The {\tt ipmp\_ping\_daemon()} routine will enable an application to
easily check if {\tt in.mpathd} is running.  The {\tt ipmp\_offline()}
routine will attempt to offline the specified IP interface; the caller
must also specify the minimum number of usable interfaces in the group
that may remain after the offline operation.  If the interface is not
under IPMP control, or if the offline would lower the number usable
interfaces below the minimum, the operation will fail.  Finally, the {\tt
  ipmp\_undo\_offline()} routine allows a previously-offlined IP interface
to be brought back online.  If the interface was not previously offlined,
or if the interface cannot be brought back online (e.g., because its
hardware address is not unique across the group), the operation will fail.

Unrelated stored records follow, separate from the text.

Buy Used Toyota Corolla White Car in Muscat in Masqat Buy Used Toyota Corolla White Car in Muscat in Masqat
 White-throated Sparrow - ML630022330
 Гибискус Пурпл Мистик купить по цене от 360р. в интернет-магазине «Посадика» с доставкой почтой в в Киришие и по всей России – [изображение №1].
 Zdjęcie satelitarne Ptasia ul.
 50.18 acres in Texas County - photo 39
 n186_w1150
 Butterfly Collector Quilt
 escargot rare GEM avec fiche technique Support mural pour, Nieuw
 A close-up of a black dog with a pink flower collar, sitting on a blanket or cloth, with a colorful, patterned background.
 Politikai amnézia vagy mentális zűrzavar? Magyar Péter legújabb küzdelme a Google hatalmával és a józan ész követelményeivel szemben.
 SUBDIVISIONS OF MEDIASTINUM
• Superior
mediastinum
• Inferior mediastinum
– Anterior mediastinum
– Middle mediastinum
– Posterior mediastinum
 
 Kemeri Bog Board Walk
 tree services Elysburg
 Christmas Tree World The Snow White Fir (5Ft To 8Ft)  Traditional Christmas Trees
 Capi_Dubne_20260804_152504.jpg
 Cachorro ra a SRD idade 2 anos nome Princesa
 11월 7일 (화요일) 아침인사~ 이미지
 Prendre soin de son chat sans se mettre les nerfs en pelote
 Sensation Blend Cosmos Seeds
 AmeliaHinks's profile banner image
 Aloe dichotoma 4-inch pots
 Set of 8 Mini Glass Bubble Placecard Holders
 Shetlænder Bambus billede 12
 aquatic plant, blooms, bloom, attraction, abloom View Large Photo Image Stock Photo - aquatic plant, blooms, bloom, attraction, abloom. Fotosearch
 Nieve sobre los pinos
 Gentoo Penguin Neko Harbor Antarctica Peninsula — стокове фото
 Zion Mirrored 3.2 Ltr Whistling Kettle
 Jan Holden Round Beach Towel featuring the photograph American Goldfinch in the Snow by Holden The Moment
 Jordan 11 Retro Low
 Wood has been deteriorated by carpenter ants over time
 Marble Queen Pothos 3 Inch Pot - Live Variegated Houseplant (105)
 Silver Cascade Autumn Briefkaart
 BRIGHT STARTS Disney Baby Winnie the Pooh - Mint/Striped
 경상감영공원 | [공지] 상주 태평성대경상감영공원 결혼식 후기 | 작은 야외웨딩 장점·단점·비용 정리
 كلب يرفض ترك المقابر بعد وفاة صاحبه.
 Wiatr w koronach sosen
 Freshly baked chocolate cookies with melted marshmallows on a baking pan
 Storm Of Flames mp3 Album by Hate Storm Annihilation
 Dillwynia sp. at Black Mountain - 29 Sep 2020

\subsection{ IPMP Asynchronous Events Enhancements}
\label{progasync}
In addition to the query API described above, there's also an undocumented
set of sysevents that enable IPMP subsystem state changes to be observed,
as originally described in PSARC/2002/137.  As with the query API, it was
created for use by Sun Cluster and the IPMP test suite, but was never used
by Sun Cluster.

With the rearchitecture, the existing set of IPMP sysevents will be
enhanced slightly to account for new states (such as the ``degraded''
group state) and new configurations (such as an empty group), but will be
otherwise unchanged.  In addition, one new IPMP sysevent, {\tt
  ESC\_IPMP\_PROBE\_STATE}, will be introduced to provide state change
notifications for each IPMP probe packet, which will provide the
underlying mechanism for {\tt ipmpstat -p}.  To ensure that {\tt
  syseventd} and other sysevent consumers do not become saturated with
{\tt ESC\_IPMP\_PROBE\_STATE} sysevents on large IPMP configurations, {\tt
  in.mpathd} will switch from using the legacy sysevent mechanism to the
``General-Purpose Event Channels'' (GPEC) sysevent mechanism\footnote{In
  particular, the GPEC API provides fine-grained event channels which
  do not flow through {\tt syseventd}; see PSARC/2002/321 for details.}.

In particular, a new {\tt com.sun:ipmp:events} event channel will be
introduced to carry IPMP sysevents.  Because of these changes, the
existing {\tt IPMP\_EVENT\_VERSION} field of each IPMP sysevent will be
increased to the value {\tt 2}.

\subsection{Miscellaneous Library API Enhancements}

\subsubsection{{\tt if\_nametoindex(3SOCKET)} and {\tt if\_indextoname(3SOCKET)}}

Since the IPMP group interface is an IP interface, the existing {\tt
  if\_nametoindex(3SOCKET)} and {\tt if\_indextoname(3SOCKET)} routines
will be able to map an IPMP group interface name to its interface index,
and vice-versa.  More subtly, the APIs will also continue to work for
underlying interfaces in an IPMP group (rather than fail with {\tt
  ENXIO}), on the grounds that the caller has already discovered the
interface name or index (e.g., through an {\tt SIOCGLIFCONF} with {\tt
  LIFC\_UNDER\_IPMP}).

\subsubsection{{\tt if\_nameindex(3SOCKET)}}

The rarely-used and oddly-named {\tt if\_nameindex(3SOCKET)} routine
(which actually retrieves the system's IP interface names and indices)
will retrieve IPMP group interfaces, but to avoid confusing IPMP-unaware
applications, it will not retrieve underlying interfaces in an IPMP group.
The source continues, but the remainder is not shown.